PETA, following the emergence of their spoof-game Super Tanooki Skin 2 earlier this week, have stated that their lumping together of Mario and animal brutality was all just a bit of tongue-in-cheek fun to help raise the awareness of the real-life tanuki's plight.
'Mario fans: Relax! PETA's game was meant to be tongue-in-cheek, a fun way to call attention to a serious issue, that raccoon dogs are skinned alive for their fur,' explained Shakira Croce, PETA's media coordinator. 'We wish real-life tanukis could fly or swat enemies away with their tails and escape from those who profit from their skins. You can help them by never buying real fur.'
Ashley Palmer, a spokesperson for PETA, said that the organisation was taken aback by the literal interpretations of the spoof, issuing a clear explanation no doubt in response to some of the more vitriolic receptions their campaign has received in some corners of the internet.
'No one really believes that Mario actually kills and skins a raccoon dog for his fur in Super Mario 3D Land,' said PETA spokesperson Ashley Palmer, talking with Kotaku. 'Our spoof is simply making a serious point: that there is a much darker story behind tanuki skins than Mario lets on. In games like Call of Duty, where characters shoot and kill animals, or in Dog Wars, where players have fun fighting and torturing dogs, it sends a dangerous message that this kind of behavior is acceptable.

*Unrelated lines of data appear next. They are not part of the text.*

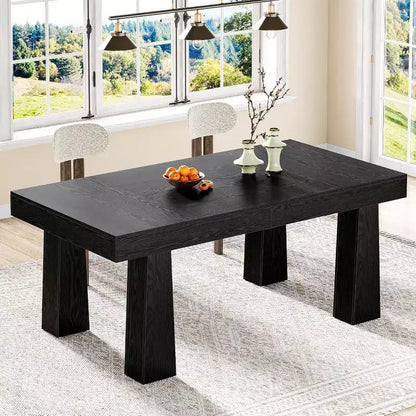 Lantine 63'' Dining Table, Modern Rectangular Kitchen Dinner Table with Heavy Duty Tapered Legs for Dining Room, Cafe, Restaurant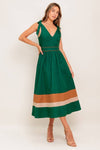 Green Color Blocked Woven Midi Dress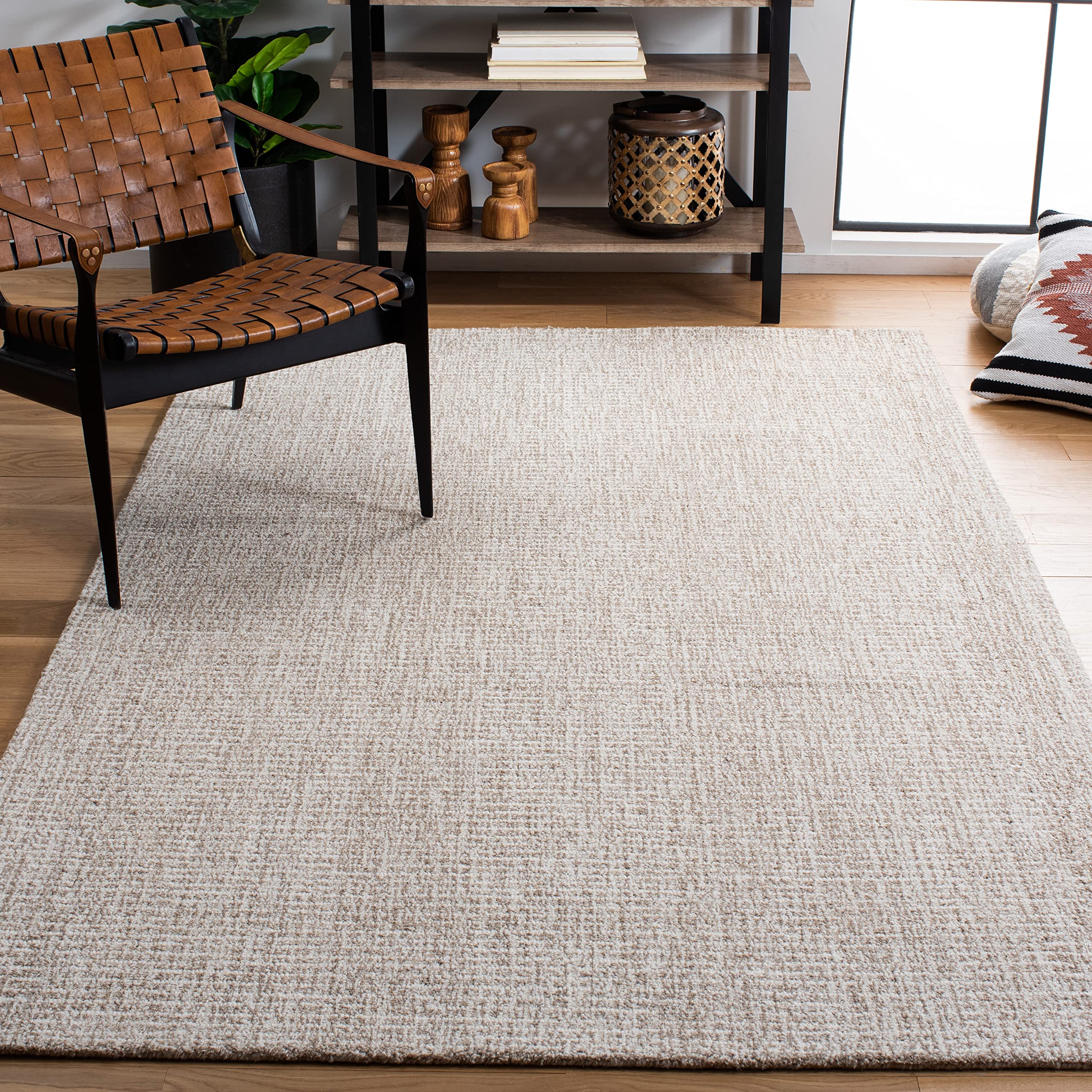 SAFAVIEH Area Rug 8x10 - Abstract Collection - Large - Ivory & Grey, Handmade Wool, Ideal for Living Room, Bedroom, Office, Dining Space (ABT468G)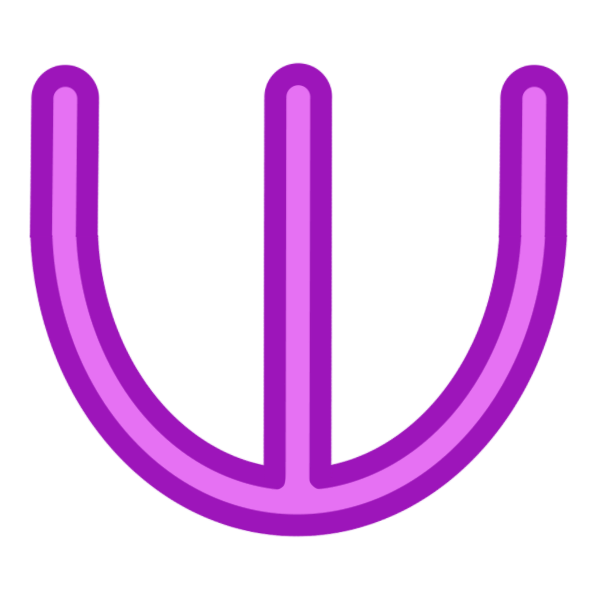 a U shape with a vertical line coming from the base.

'We know how beloved Mario is-we are huge Mario fans ourselves! We were a little surprised that the game was taken so literally by some, but we're thrilled that we're able to bring so much attention to raccoon dogs whose suffering is very real.'
A quarter of a million people played the spoof title in the first 36 hours, apparently, which is pretty good going. Congratulations PETA, upon manipulating our industry so effortlessly. Well played, well played indeed.